SiteID - Europe has a site naming convention. See here. It wasn't clear whether there are naming conventions in other countries. Currently, there is a wide range of approaches that wastewater surveillance programs use for naming sites.
SampleID - Recommended default is site_date_sample#
. sampleIDs should be simple. However, it was raised whether the id should have additional info or hints in the ID. It was recognized that sample IDs could get complex with concepts such as different sample types, children, pooling, etc.
MeasureReportID - Recommended default sampleID_date_index
.
For the sampleID, just want to clarify how best to do this since some siteIDs in Ontario hasa wide variety of character counts with/without underscores (could be 20+characters).
Should it be that the site portion is either the siteID could it just be a fixed 5 character abbreviation for the site i.e. for Ashbridge's Bay: ASHBR_20220116_01.
We can allow more characters for sampleID if we need or want.
For siteID, I've been wondering whether we want to an additional variable for an siteID abbreviation for purposes such as this.
We could just keep it simple and use the first 5 characters (excluding spaces) of the siteName, so it avoids needing to add in another field.
Looking ahead, it seems like it might be prescient to provide a guide/suggestion for other user-generated IDs as well.

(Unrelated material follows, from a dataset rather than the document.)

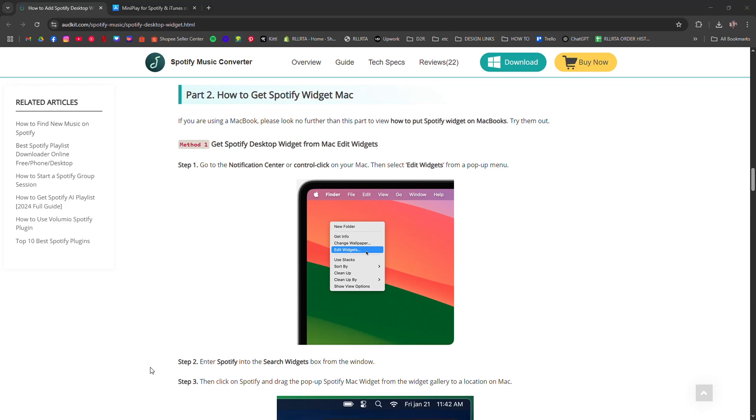How to add Spotify widget on MacBook. I'm going to tell you how to add a Spotify widget on your MacBook. But keep in mind, it's not as seamless as iPhone widgets.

Building off our discussion, I've made some suggestions below. The IDs would use SnakeCase to avoid using excess symbols that might cause difficulties in processing as well. Another point is that these IDs should ideally be generated using pieces of metadata already present in the tables so that if they're absent it is easy to machine-generate them.
- Site ID: first 3 letters of
name
+ first 2 numbers ofgeoLat
+ first 2 numbers ofgeoLong
ex:rop4575
- Sample ID:
siteID
+aDateStart
+index
ex:rop45752210093
- Measure Report ID:
sampleID
+date
+index
ex:rop457522100932210122
- Instrument ID: first 3 letters of
model
+ first 3 letters ofname
ex:GraHer
- Organization ID:
addID
+ first 3 letters ofname
ex:ottK1Jdel
- Contact ID:
orgID
+ first 3 letters ofrole
ex:ottK1JdelRes
- Polygon ID:
orgID
+siteID
ex:ottK1Jdelrop4575
- Address ID: first 3 letters of
city
+ first 3 letters ofpCode
ex:ottK1J
- Dataset ID: have
datasetID
==orgID
? - Measure Set Report ID:
measRepID
+ the number of measures in the set to 2 digits ex:rop45752210093221012202
- Step ID:
orgID
+ last 3 letters ofmethodID
ex:ottK1JdelVol
- Step Index ID:
stepID
+index
to two digits ex:ottK1JdelVol02
- Method Set ID:
setVers
+lastEdited
ex:01221009
- Method Set Report ID:
methSetID
+stepIndexID
ex:01221009ottK1JdelVol02
These last few method ones are more things that I think we discussed and approved previously, but I don't know that they had been explicitly captured in writing. Essentially, stepID
is a unique identifier for a method step (a single row in the method step table), while stepIndexID
is just the index
field and the stepID
merged together, and methodSetID
is the unique identifier for a set of methods, and then stepIndexID
and methodSetID
are merged together (each is half of the composite key) to make the methodSetReportID
(the primary key/ complete composite key) which is the unique ID for a method set.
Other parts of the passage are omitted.